Monasticism quickly spread to the West, where it was decisively shaped by John Cassian of Marseille (c. 360–435) and Benedict of Nursia (c. 480–c. 547), recognized as the father of Western monasticism. Benedict’s Rule, which eventually became predominant, was noted for its humanity and its balance of prayer and work. Because the manual work of monks often consisted of the copying of manuscripts, the monasteries became a great centre of cultural life for centuries. Benedict’s contemporary Cassiodorus (c. 490–c. 585) had the works of classical authors copied (e.g., Cicero and Quintilian) as well as Bibles and the works of the early Church Fathers.

The church was significantly slow to undertake missionary work beyond the frontiers of the empire. The Goth Ulfilas converted the Goths to Arian Christianity (c. 340–350) and translated the Bible from Greek to Gothic—omitting, as unsuitable, warlike passages of the Old Testament. The Goths passed their Arian faith on to other Germanic tribes, such as the Vandals. (Sometime between 496 and 508 the Franks, under their great king Clovis, became the first of the Germanic peoples to convert to Catholic Christianity; they were soon followed by the Visigoths.) In the 5th century the Western provinces were overrun by Goths, Vandals, and Huns, and the imperial succession was ended when a German leader, Odoacer, decided to rule without an emperor (476).
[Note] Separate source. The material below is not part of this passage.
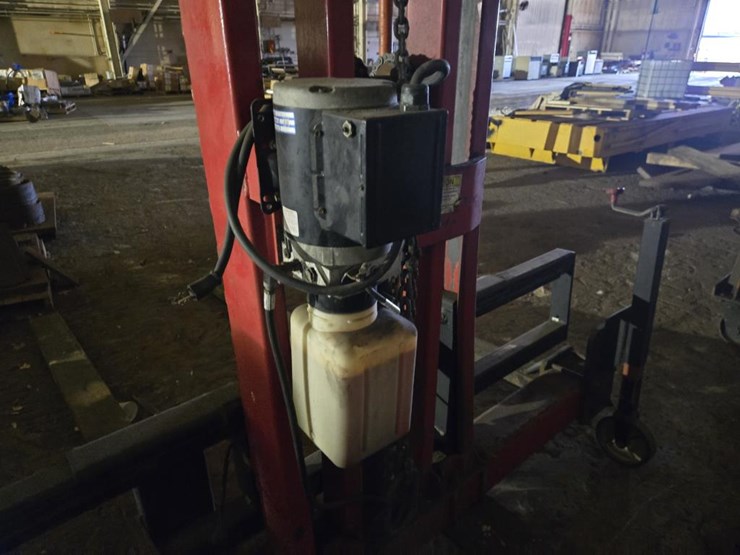 #3449-•-heftee-4000lb-hydraulic-service-lift-image-7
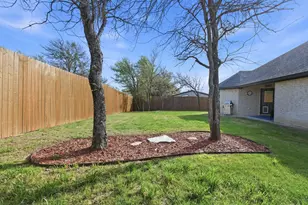 806 Colorado River Dr, Granbury, TX 76048 - Photo 30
The position of the papacy was enhanced by the decline of state power, and this prepared the way for the popes’ temporal sovereignty over parts of Italy (which they retained from the 7th to the 19th century).


The church and its history » The history of Christianity » Theological controversies of the 4th and 5th centuries » Western controversies
Until about 250, most Western Christian leaders (e.g., Irenaeus and Hippolytus) spoke Greek, not Latin. The main Latin theology came primarily from such figures as Tertullian and Cyprian (bishop of Carthage, 248–258) rather than from any figure in Rome. Tertullian wrote Against Praxeas, in which he discussed the doctrines of the Trinity and the person of Christ. But in 251 Novatian’s schism at Rome diverted interest away from speculative theology to juridical questions about the membership of the church and the validity of sacraments. Differences of opinion over similar issues in the 4th century led to a schism between Rome and the churches of North Africa. The Donatist controversy, which raised questions about the validity of the sacraments, dominated all North African church life. Cyprian and the Donatists said that the validity of the sacraments depended on the worthiness of the minister; Rome and North African Christians in communion with Rome said that it did not, because the sacraments received their validity from Christ, not man. Much of the great theologian Augustine’s energies as bishop of Hippo (from 396 to 430) went into trying to settle the Donatist issue, in which he finally despaired of rational argument and reluctantly came to justify the use of limited coercion.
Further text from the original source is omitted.